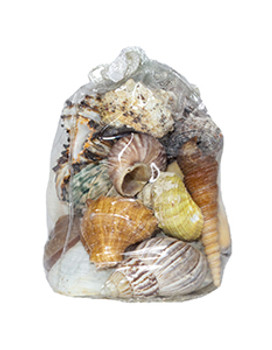 Shell Mix – Assorted Medium (Vinyl Bag)
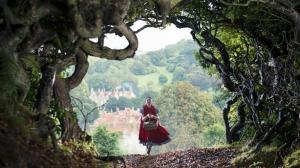 Кадры из фильма Чем дальше в лес... / Into the Woods (2014)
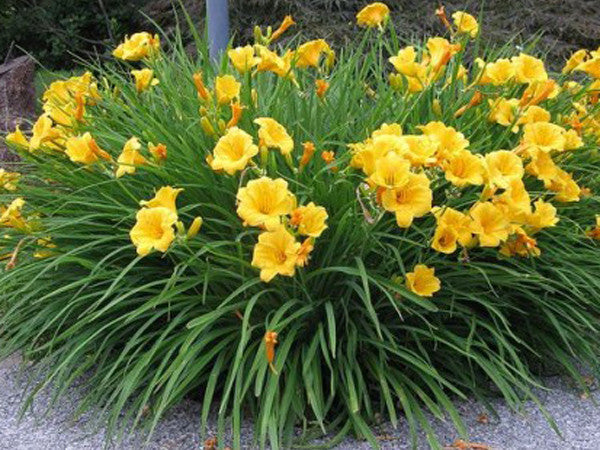 Hemerocallis 'Stella De Oro' Daylily - 5 Gallon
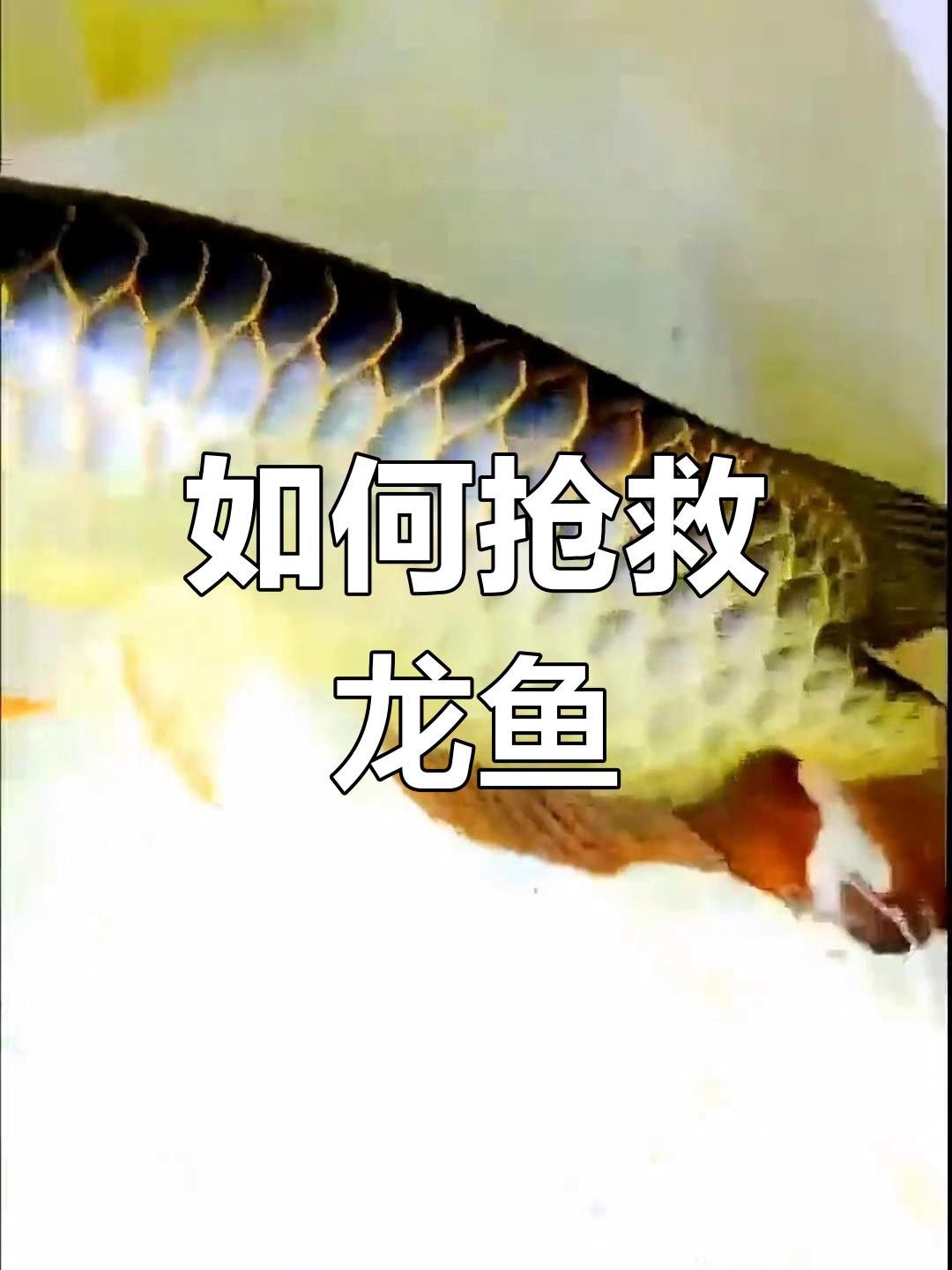 如何判斷龍魚翻肚的病因？ 如何判斷龍魚翻肚的病因？ 龍魚百科 第6張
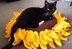 Sunflower Pet Bed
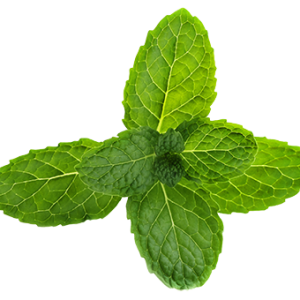 Pepermint PNG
-----
> _EXERCISE OBJECTIVE_: Extract the lines beginning with the one that contains "Hemerocallis 'Stella De" and ending with the last line of the listing. Keep them exact and drop the pictures.

> _ANSWER FOR THE TASK_:
 Hemerocallis 'Stella De Oro' Daylily - 5 Gallon
 如何判斷龍魚翻肚的病因？ 如何判斷龍魚翻肚的病因？ 龍魚百科 第6張
 Sunflower Pet Bed
 Pepermint PNG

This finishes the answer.